Lab Session 4: Modularization, Environments, Binder#

Friday 02-17-2023, 9AM-11AM & 12AM-2PM

Instructor: Facundo Sapienza

Inside the notebook Erasthostenes.ipynb (located in this same folder in the site repository) there is a non-very well written piece of code for calculating all prime numbers until a certain number. We are going to work with the contents of this notebook and re-organize it so it looks like a decent project: better code, better documentation, and more reproducible.

Useful links:

1. Modularization#

First things first: be sure you can run all the code inside Eratosthenes.ipynb. After being sure the code runs, we are going to start with some re-organization of the code inside Eratosthenes.ipynb.

eratosthenes

1.1. Reorganization#

  1. The first thing you will do is to create two separate functions for the sieve of Eratosthenes algorithms. These are the first things you will see inside the notebook. Think what are the arguments for such functions.

  2. Now, these two functions do the same but they have different implementations. Most likely, they also have the same arguments and outputs. Create a new function get_primes that you call to run both methods.

  3. Move these three functions to a separate script called sieve.py. Remember to import the necessary libraries inside sieve.py.

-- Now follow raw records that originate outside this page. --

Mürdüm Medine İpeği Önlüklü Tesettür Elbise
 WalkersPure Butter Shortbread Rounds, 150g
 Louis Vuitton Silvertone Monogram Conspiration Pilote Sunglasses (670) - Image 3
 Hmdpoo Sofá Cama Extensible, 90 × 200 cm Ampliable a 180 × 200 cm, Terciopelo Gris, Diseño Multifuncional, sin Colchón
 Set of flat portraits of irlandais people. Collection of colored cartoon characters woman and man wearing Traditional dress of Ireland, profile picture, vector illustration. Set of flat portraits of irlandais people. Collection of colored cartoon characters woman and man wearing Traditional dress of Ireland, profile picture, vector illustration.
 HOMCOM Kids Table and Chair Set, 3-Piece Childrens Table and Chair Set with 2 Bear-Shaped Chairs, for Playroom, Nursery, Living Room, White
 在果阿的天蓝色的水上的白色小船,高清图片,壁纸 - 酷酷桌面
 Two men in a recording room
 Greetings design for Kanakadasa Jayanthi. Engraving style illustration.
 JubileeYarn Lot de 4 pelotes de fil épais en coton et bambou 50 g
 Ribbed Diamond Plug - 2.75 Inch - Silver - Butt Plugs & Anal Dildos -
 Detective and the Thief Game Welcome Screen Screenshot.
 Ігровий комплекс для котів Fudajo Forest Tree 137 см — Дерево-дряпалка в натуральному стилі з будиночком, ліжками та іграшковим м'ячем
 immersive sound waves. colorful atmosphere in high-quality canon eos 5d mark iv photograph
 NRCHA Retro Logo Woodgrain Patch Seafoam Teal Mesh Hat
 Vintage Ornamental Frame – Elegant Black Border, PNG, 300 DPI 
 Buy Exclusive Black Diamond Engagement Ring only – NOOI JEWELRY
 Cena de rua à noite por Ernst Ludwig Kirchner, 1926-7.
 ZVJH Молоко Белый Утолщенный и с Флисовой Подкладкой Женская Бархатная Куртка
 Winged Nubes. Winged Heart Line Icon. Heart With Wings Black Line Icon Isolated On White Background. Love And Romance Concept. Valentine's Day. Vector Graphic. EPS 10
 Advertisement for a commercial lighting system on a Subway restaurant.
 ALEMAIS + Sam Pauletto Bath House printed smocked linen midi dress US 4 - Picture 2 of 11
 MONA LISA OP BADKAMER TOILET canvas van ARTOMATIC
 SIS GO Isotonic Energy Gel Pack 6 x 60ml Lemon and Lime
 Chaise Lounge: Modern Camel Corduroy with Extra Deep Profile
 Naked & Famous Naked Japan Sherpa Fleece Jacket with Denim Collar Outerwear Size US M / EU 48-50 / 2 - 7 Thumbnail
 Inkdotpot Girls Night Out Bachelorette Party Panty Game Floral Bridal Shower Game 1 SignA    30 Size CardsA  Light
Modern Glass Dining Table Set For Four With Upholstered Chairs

  4. Import all this function into the notebook using the import statement in the first cell of the notebook.

Warning

For now, every time you make a change in sieve.py and a consequent import inside the notebook, you will have to restart the kernel first. This is because once imported, the iPython kernel reads that the script has been already loaded and it doesn’t look for differences in the new file. In general, it’s a good practice to restart your kernel once the counter starts increasing and after doing significant reorganization changes in the notebook, like we are doing here.

  1. In the section Long Run: proportion of prime numbers there is a long run of exactly the same code than before but inside a for loop, so we can evaluate the proportion of prime numbers as we increase the search window. Make a new function called proportion_primes that does this.

  2. You function look good, but now let’s add some documentation to them. Add a docstring to them. How can you access the docstrings from the notebook?

  3. Be sure you can run these functions from the notebook after you move the code to the scripts (no remains in the notebook) and after you have restarted your kernel.

1.2. Modules#

  1. Now, after you know the previous import statement are working, move to sieve.py to a new folder called sievetools.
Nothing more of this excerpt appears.